* [WORK ITEM]
Each record below should be returned exactly, with its pictures left out.

* [DATASET]

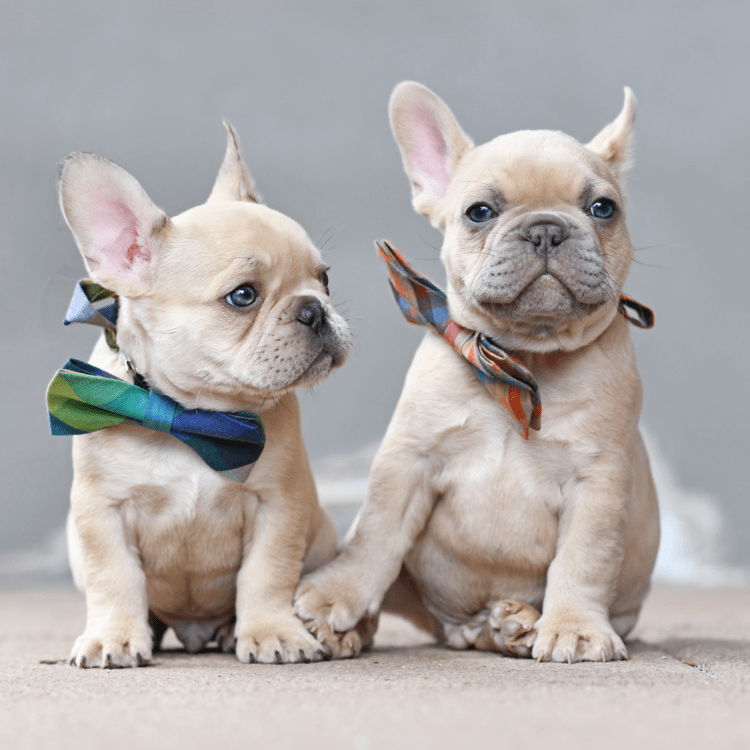 Filhotes de Bulldogue Frances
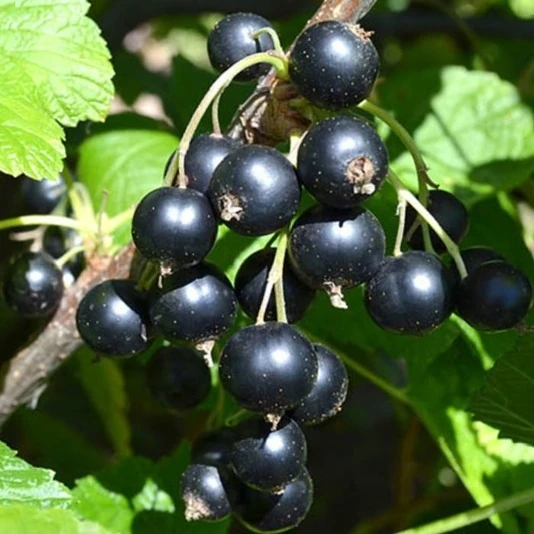 Смородина черная "Вологда" Ribes nigrum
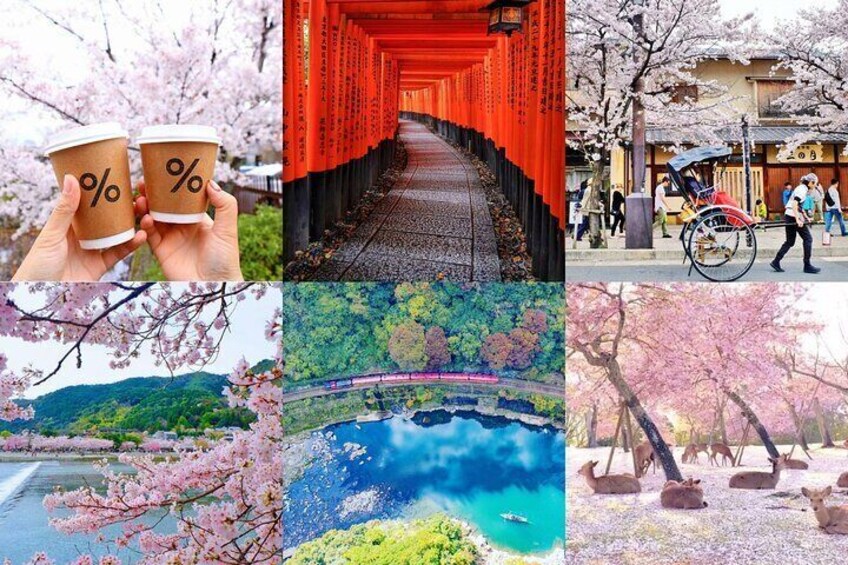 Kyoto Nara And Osaka Private Highlight English Guided Tour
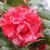 Camellia japonica Magic City skdavidson nhc master gardener flow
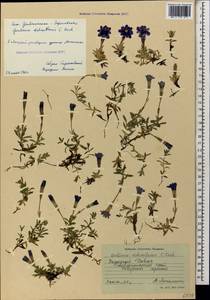 Gentiana pyrenaica L., Caucasus, Stavropol Krai, Karachay-Cherkessia & Kabardino-Balkaria (K1b) (Russia)
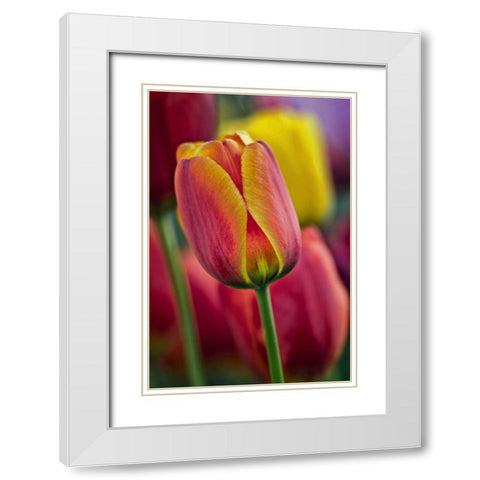 Delaware Close-up of tulips White Modern Wood Framed Art Print with Double Matting by OBrien, Jay
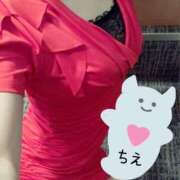 ヒメ日記 2025/09/14 10:41 投稿 ちえ 重役室(道後)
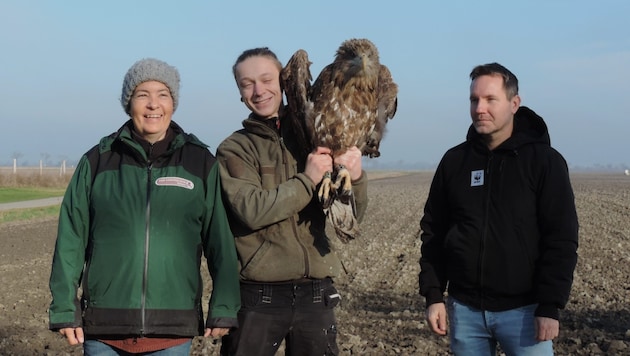 Sigrid Frey von der Greifvogelstation, Tierpfleger Manuel Zunt und WWF Artenschutzexperte Christian Pichler bei der Freilassung.  (Bild: © FOUR PAWS)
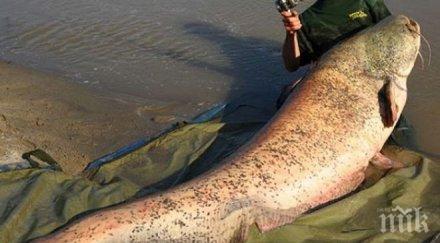 наслука кюстендилски доктор извади невиждан досега сом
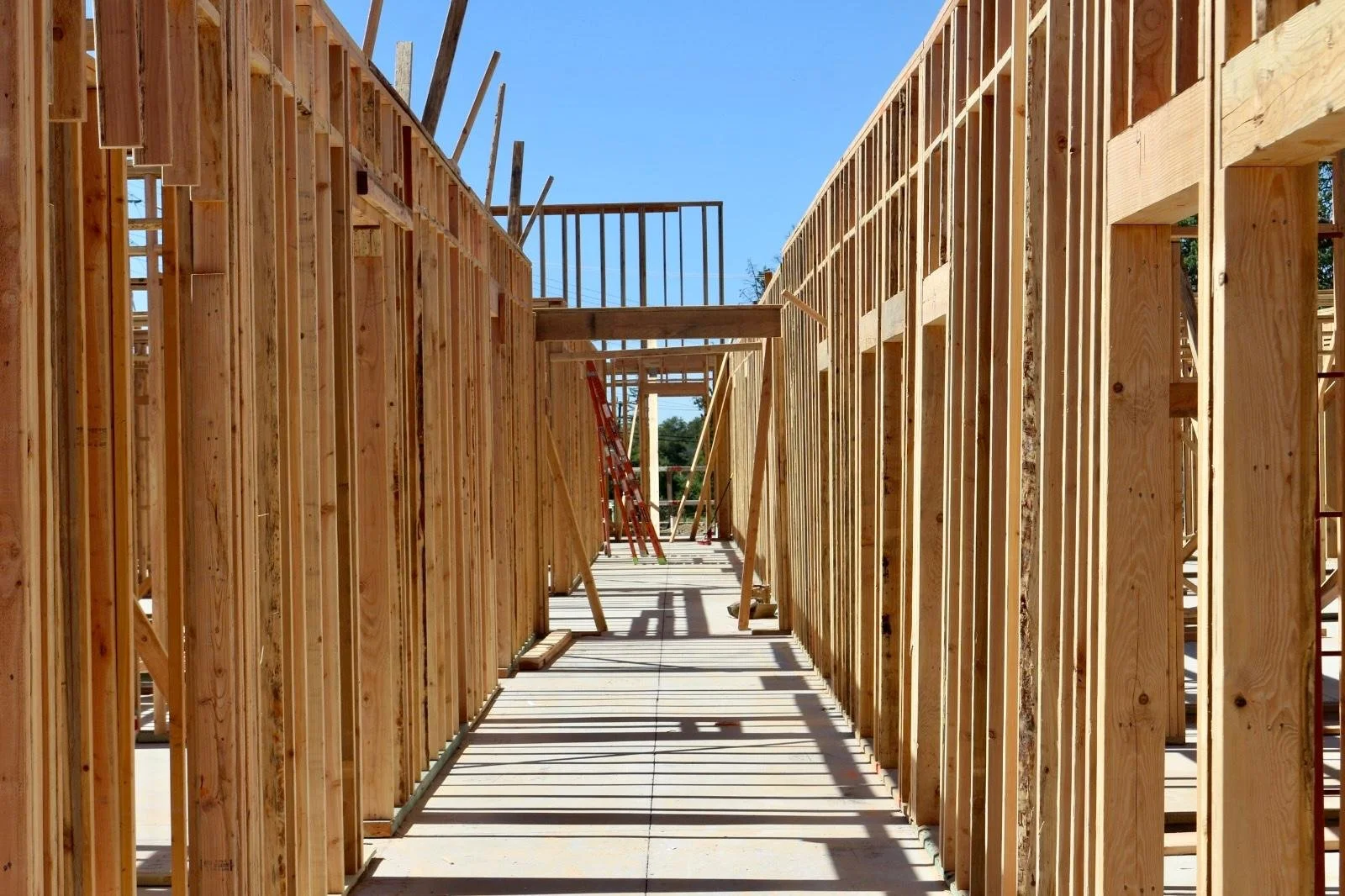 WhatsApp Image 2026-04-02 at 11.18.53 AM (5).jpeg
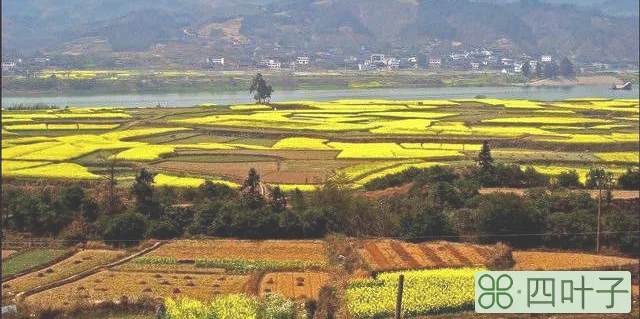 辰溪四十天的天气预报辰溪今7天天气预报说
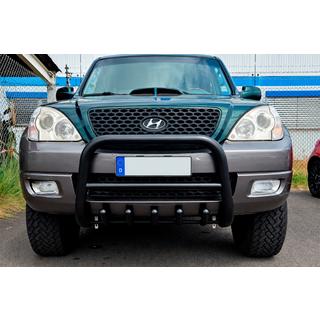 Bullbar WT003 Black (RVS) foto 1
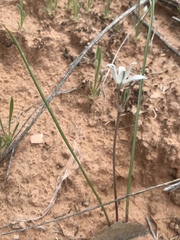 Androstephium breviflorum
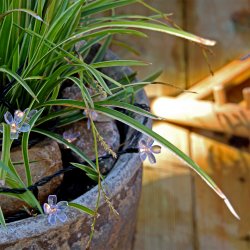 Bloom Noir De Lightson - Comprend : 10 mètres de chaîne lumineuse (+ 3 mètres de câble de démarrage) et un convertisseur AC/DC, qui se connecte avant la (première) chaîne.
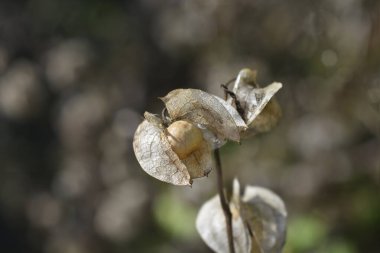 Kabuklu Peru elması - Latince adı - Nicandra physalodes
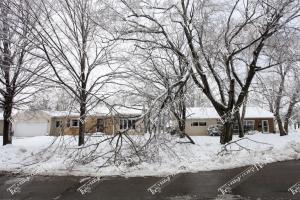 Ice.Storm.4-12 (2 of 5)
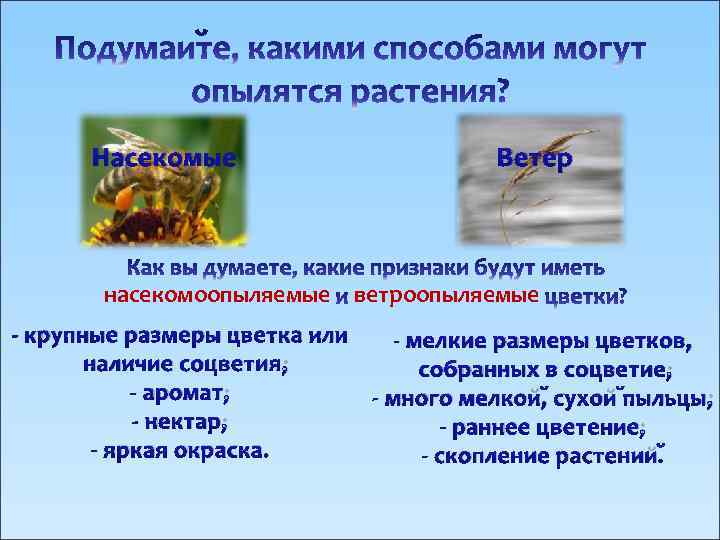 Насекомые Ветер насекомоопыляемые ветроопыляемые - крупные размеры цветка или наличие соцветия; - аромат; -
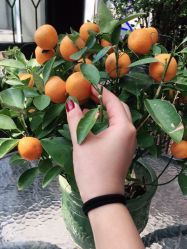 手部美甲-妙睫屋日式美甲美睫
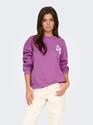 Only 15337658/Liatris Marey LS o-neck print sweat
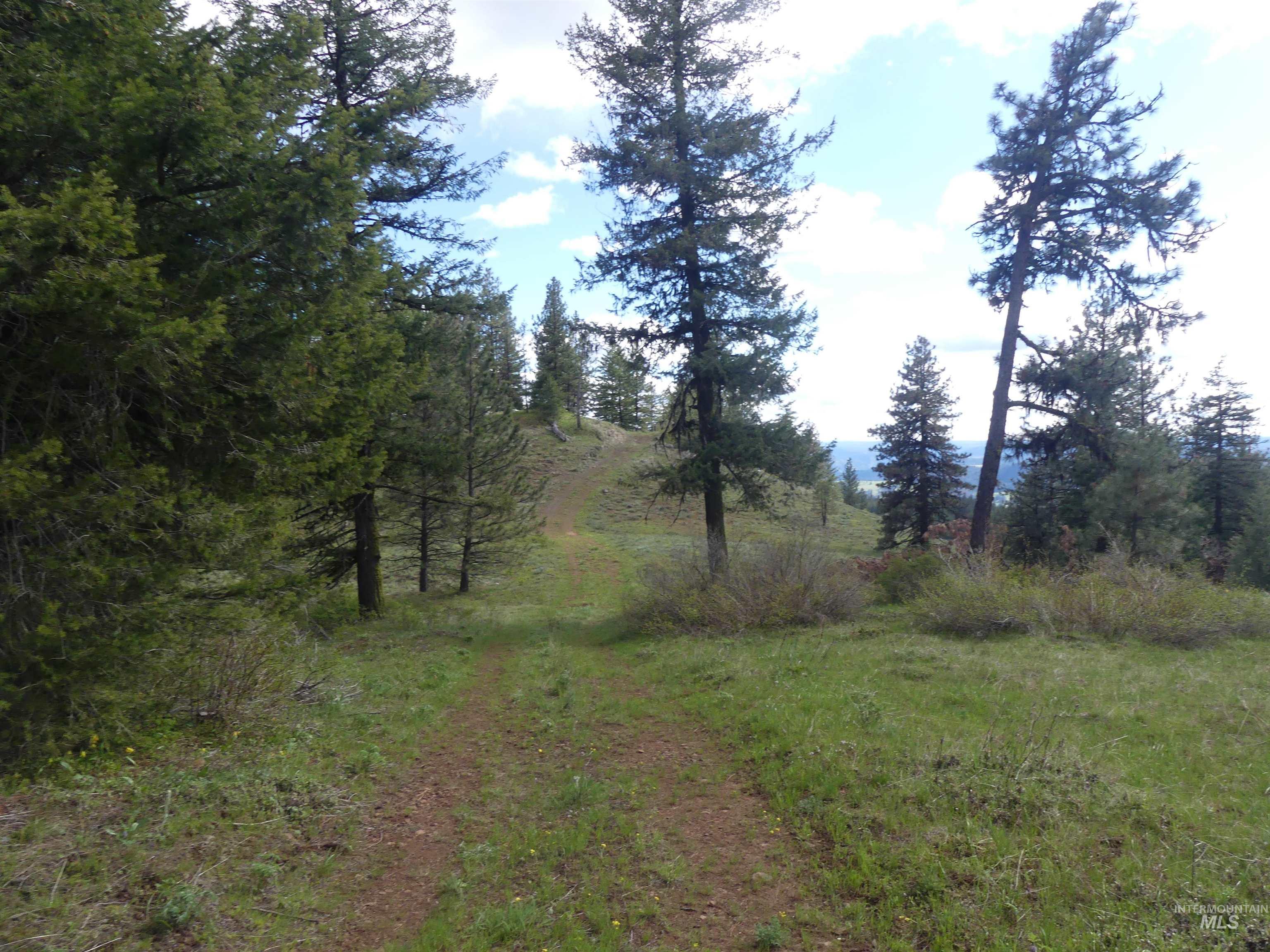 000 Hansen Ridge Road, Anatone, Washington 99401, Land For Sale, Price $350,000,MLS 98910830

* [EXERCISE RESULT]
 Filhotes de Bulldogue Frances
 Смородина черная "Вологда" Ribes nigrum
 Kyoto Nara And Osaka Private Highlight English Guided Tour
 Camellia japonica Magic City skdavidson nhc master gardener flow
 Gentiana pyrenaica L., Caucasus, Stavropol Krai, Karachay-Cherkessia & Kabardino-Balkaria (K1b) (Russia)
 Delaware Close-up of tulips White Modern Wood Framed Art Print with Double Matting by OBrien, Jay
 ヒメ日記 2025/09/14 10:41 投稿 ちえ 重役室(道後)
 Sigrid Frey von der Greifvogelstation, Tierpfleger Manuel Zunt und WWF Artenschutzexperte Christian Pichler bei der Freilassung.  (Bild: © FOUR PAWS)
 наслука кюстендилски доктор извади невиждан досега сом
 WhatsApp Image 2026-04-02 at 11.18.53 AM (5).jpeg
 辰溪四十天的天气预报辰溪今7天天气预报说
 Bullbar WT003 Black (RVS) foto 1
 Androstephium breviflorum
 Bloom Noir De Lightson - Comprend : 10 mètres de chaîne lumineuse (+ 3 mètres de câble de démarrage) et un convertisseur AC/DC, qui se connecte avant la (première) chaîne.
 Kabuklu Peru elması - Latince adı - Nicandra physalodes
 Ice.Storm.4-12 (2 of 5)
 Насекомые Ветер насекомоопыляемые ветроопыляемые - крупные размеры цветка или наличие соцветия; - аромат; -
 手部美甲-妙睫屋日式美甲美睫
 Only 15337658/Liatris Marey LS o-neck print sweat
 000 Hansen Ridge Road, Anatone, Washington 99401, Land For Sale, Price $350,000,MLS 98910830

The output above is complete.